*Task to carry out*.
Taking the line with "Youth David Walker" as the first, copy every line through the end of the records below exactly. Do not include pictures.

(Data entries)
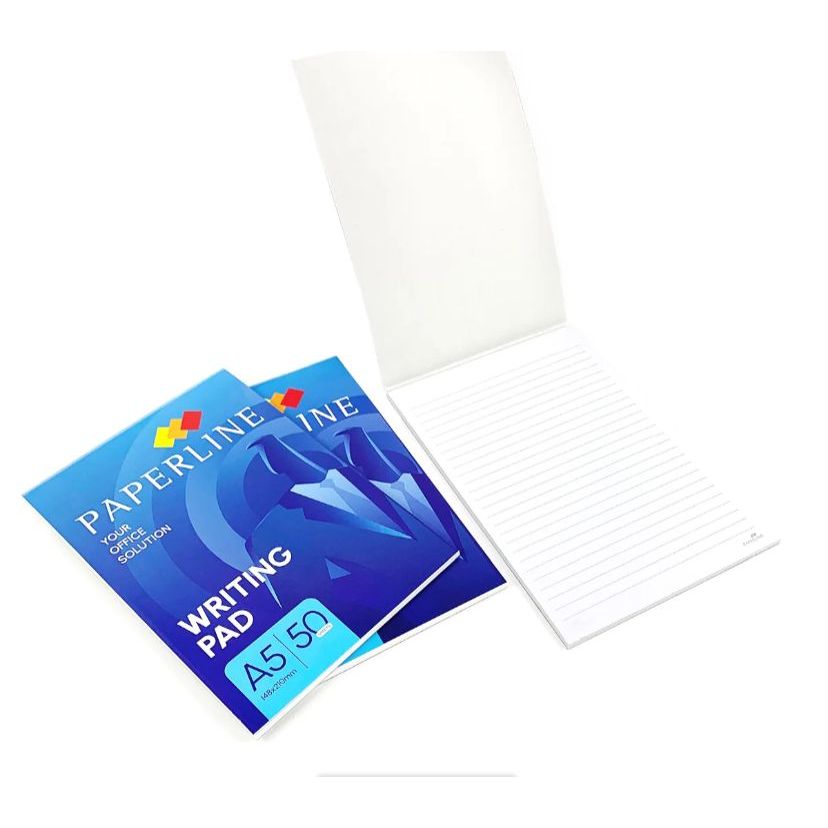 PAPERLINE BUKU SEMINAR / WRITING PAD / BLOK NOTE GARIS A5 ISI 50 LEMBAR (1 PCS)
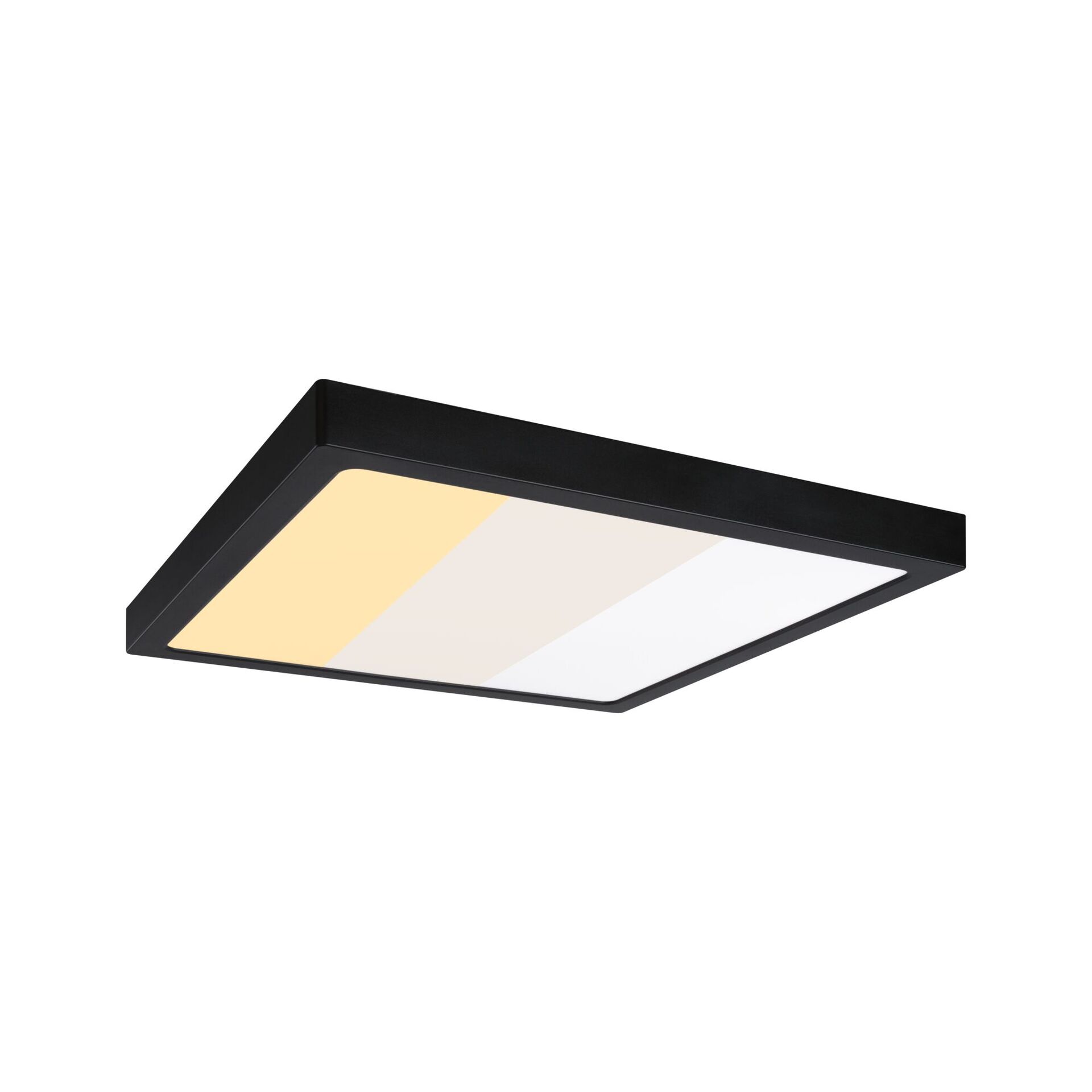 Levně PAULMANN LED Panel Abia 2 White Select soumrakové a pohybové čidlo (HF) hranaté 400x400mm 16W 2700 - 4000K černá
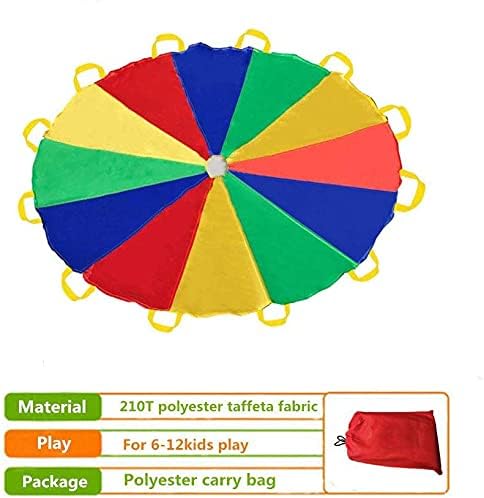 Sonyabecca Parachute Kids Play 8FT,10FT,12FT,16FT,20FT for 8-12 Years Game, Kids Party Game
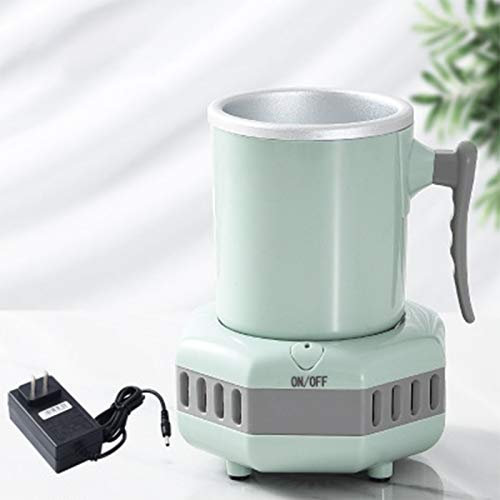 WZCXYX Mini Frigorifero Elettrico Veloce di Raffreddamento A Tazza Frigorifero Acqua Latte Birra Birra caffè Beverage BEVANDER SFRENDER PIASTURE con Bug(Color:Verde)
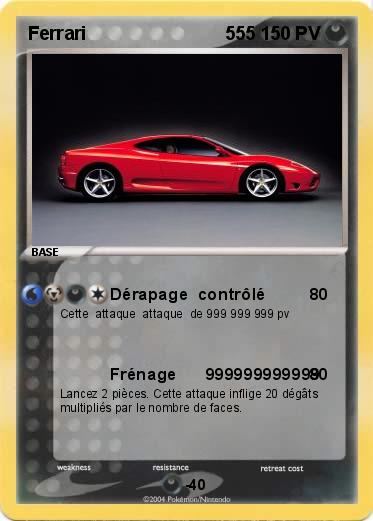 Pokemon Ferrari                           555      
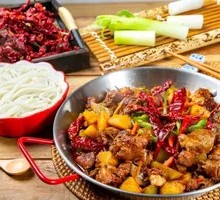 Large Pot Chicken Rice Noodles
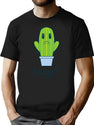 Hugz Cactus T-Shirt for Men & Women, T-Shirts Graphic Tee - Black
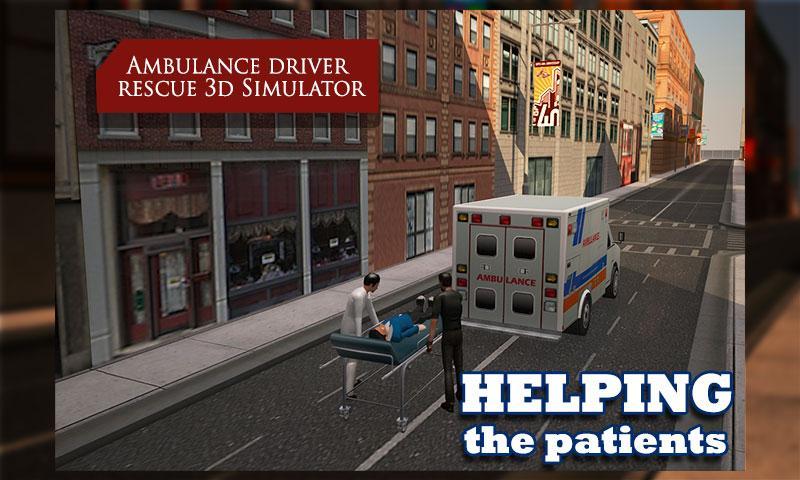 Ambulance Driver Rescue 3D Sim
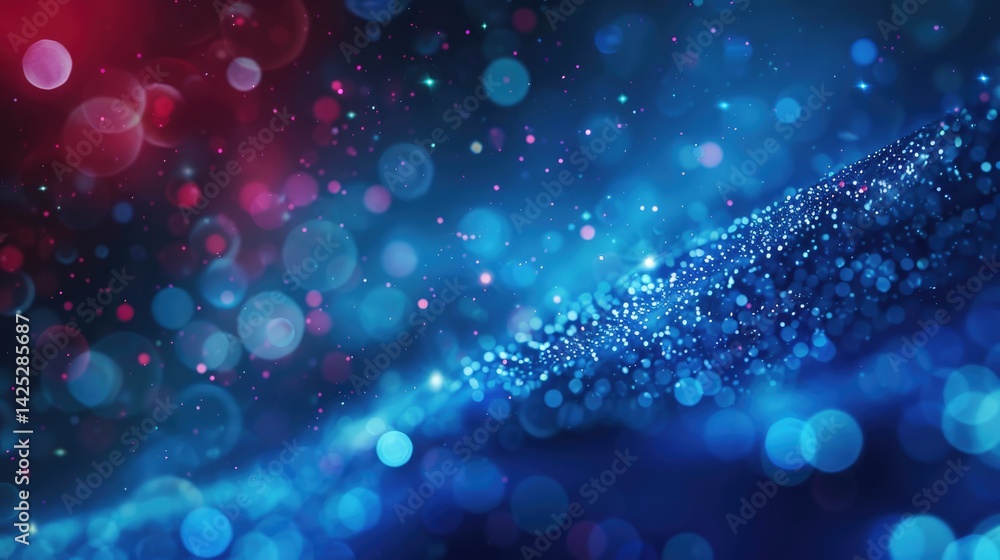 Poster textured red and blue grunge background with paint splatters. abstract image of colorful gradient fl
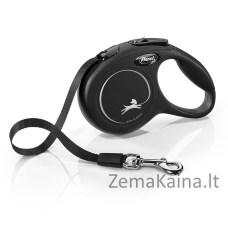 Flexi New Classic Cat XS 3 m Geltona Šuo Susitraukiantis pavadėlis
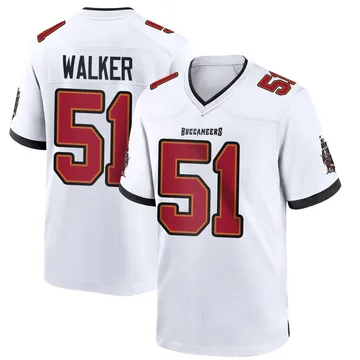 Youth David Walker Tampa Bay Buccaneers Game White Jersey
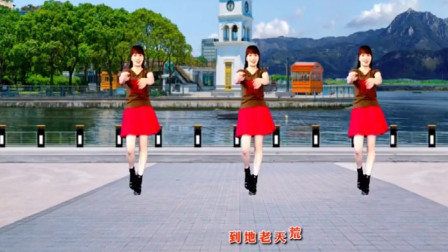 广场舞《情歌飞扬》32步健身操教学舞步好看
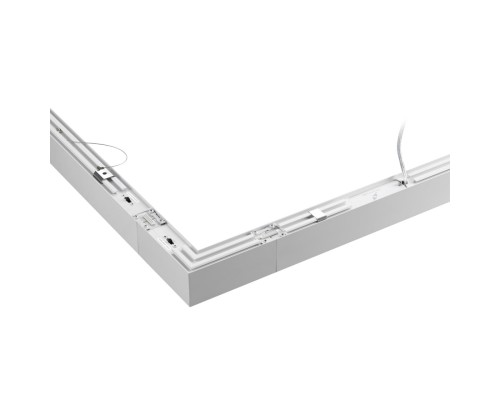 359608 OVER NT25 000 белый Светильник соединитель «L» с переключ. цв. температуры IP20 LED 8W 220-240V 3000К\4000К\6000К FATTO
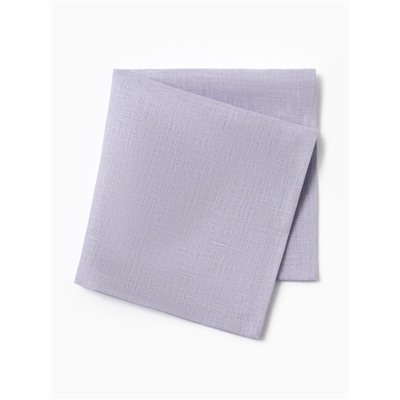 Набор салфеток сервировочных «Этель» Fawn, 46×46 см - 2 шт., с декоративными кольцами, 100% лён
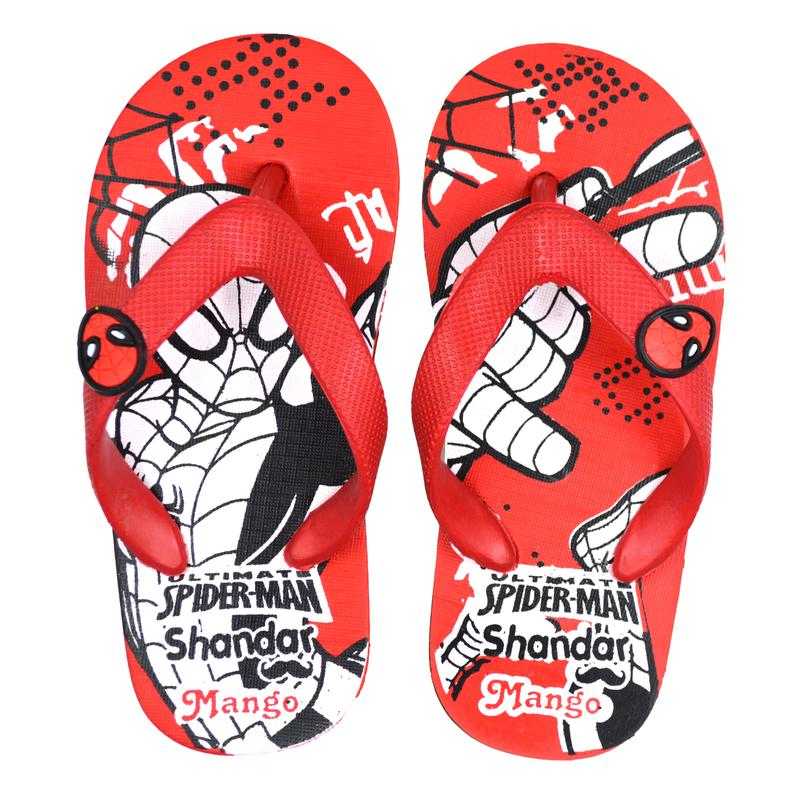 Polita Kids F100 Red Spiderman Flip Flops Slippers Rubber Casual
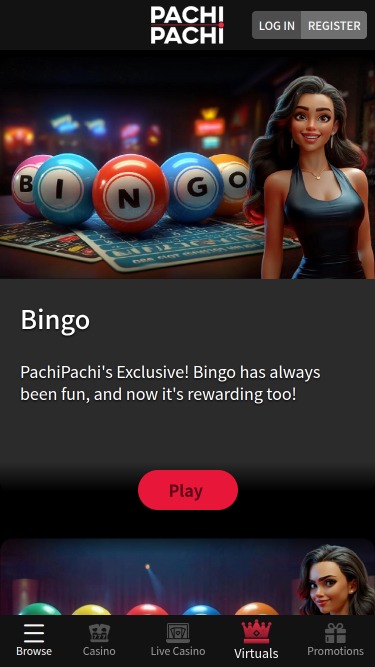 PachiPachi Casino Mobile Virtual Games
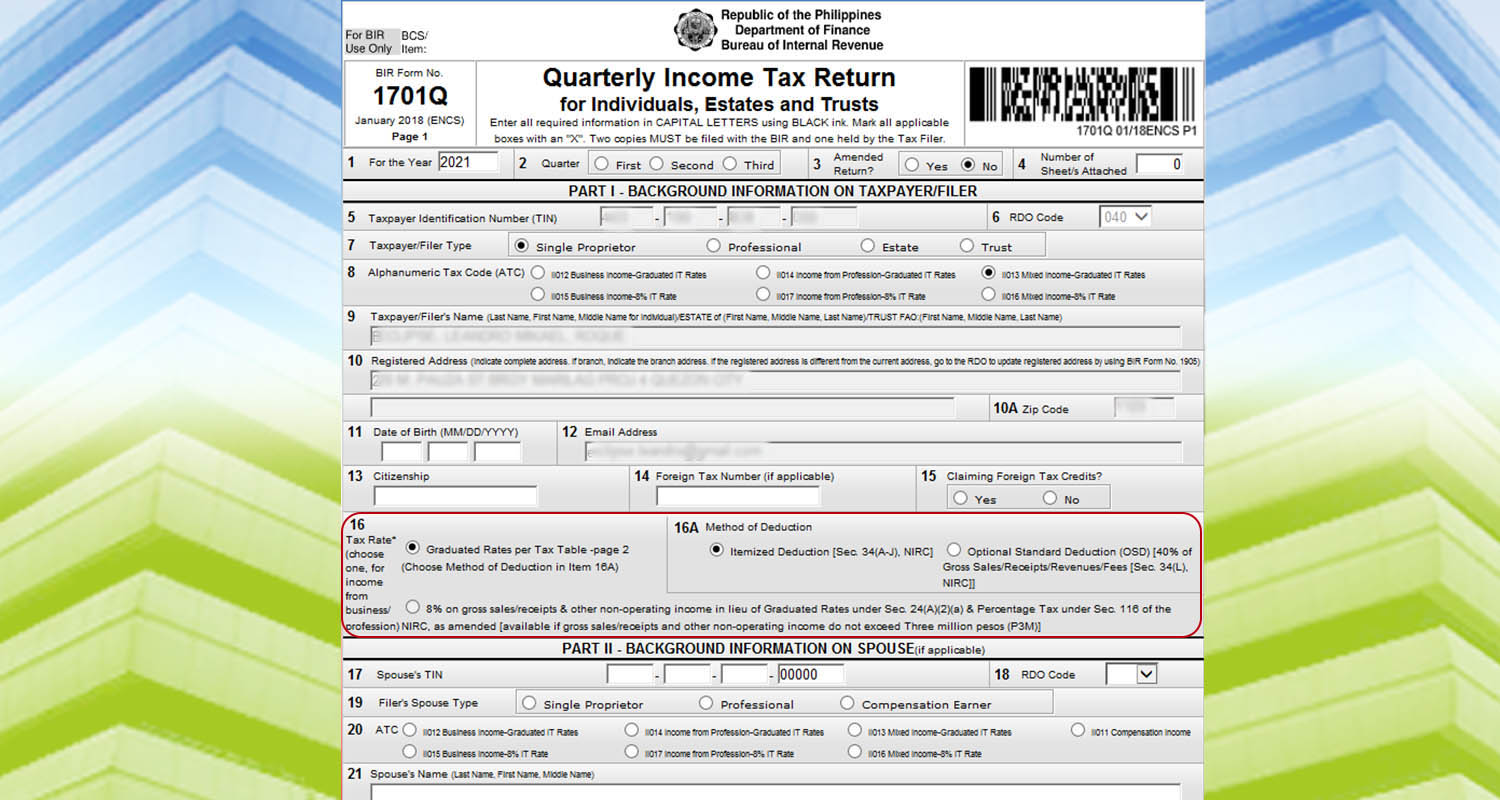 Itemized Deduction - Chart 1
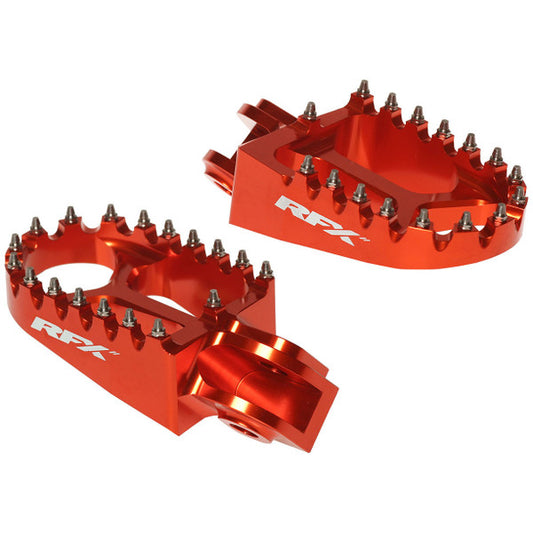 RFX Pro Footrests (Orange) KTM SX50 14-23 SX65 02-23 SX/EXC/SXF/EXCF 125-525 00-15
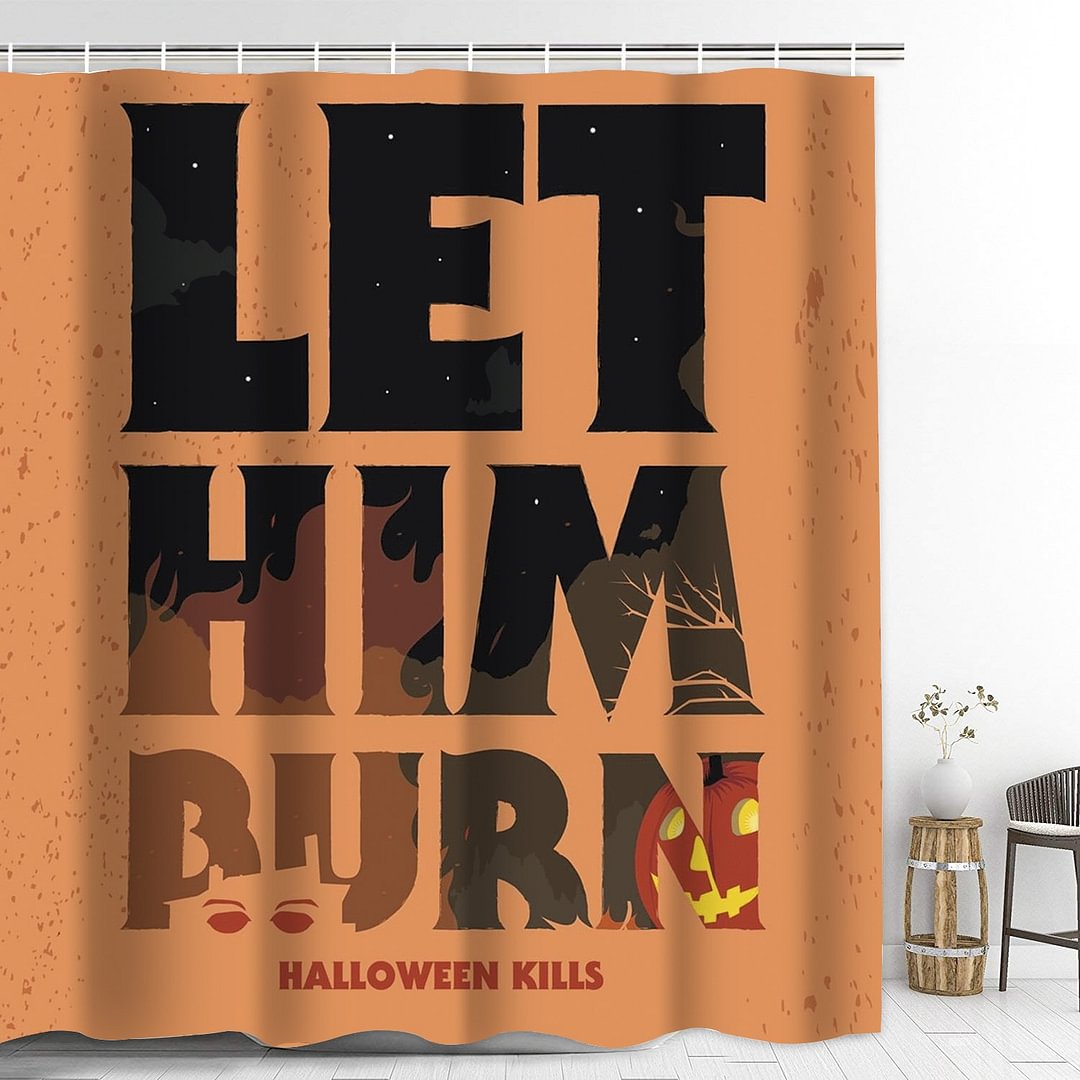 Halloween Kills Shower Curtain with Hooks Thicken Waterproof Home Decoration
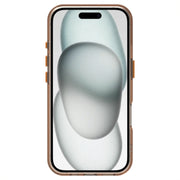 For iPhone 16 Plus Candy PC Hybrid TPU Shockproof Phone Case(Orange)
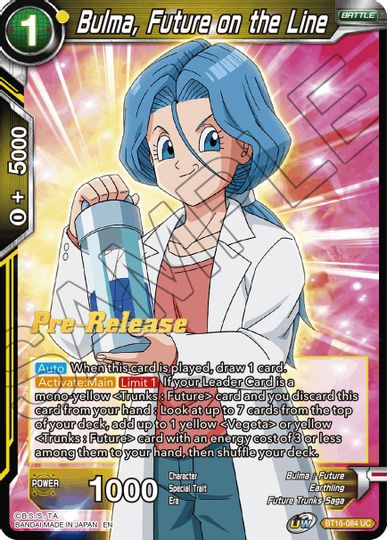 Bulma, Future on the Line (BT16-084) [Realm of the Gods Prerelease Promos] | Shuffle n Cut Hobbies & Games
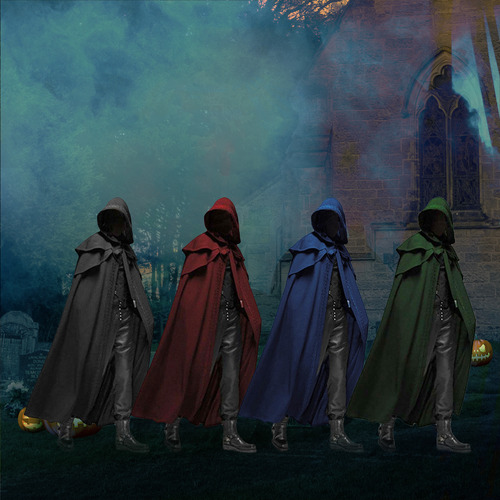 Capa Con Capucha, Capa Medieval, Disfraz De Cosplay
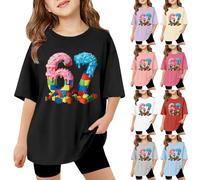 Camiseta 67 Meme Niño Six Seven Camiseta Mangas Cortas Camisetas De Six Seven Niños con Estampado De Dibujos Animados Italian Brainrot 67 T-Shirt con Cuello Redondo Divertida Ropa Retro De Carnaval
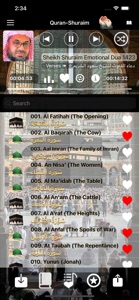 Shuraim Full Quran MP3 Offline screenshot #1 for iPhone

*Written solution*.
 Youth David Walker Tampa Bay Buccaneers Game White Jersey
 广场舞《情歌飞扬》32步健身操教学舞步好看
 359608 OVER NT25 000 белый Светильник соединитель «L» с переключ. цв. температуры IP20 LED 8W 220-240V 3000К\4000К\6000К FATTO
 Набор салфеток сервировочных «Этель» Fawn, 46×46 см - 2 шт., с декоративными кольцами, 100% лён
 Polita Kids F100 Red Spiderman Flip Flops Slippers Rubber Casual
 PachiPachi Casino Mobile Virtual Games
 Itemized Deduction - Chart 1
 RFX Pro Footrests (Orange) KTM SX50 14-23 SX65 02-23 SX/EXC/SXF/EXCF 125-525 00-15
 Halloween Kills Shower Curtain with Hooks Thicken Waterproof Home Decoration
 For iPhone 16 Plus Candy PC Hybrid TPU Shockproof Phone Case(Orange)
 Bulma, Future on the Line (BT16-084) [Realm of the Gods Prerelease Promos] | Shuffle n Cut Hobbies & Games
 Capa Con Capucha, Capa Medieval, Disfraz De Cosplay
 Camiseta 67 Meme Niño Six Seven Camiseta Mangas Cortas Camisetas De Six Seven Niños con Estampado De Dibujos Animados Italian Brainrot 67 T-Shirt con Cuello Redondo Divertida Ropa Retro De Carnaval
 Shuraim Full Quran MP3 Offline screenshot #1 for iPhone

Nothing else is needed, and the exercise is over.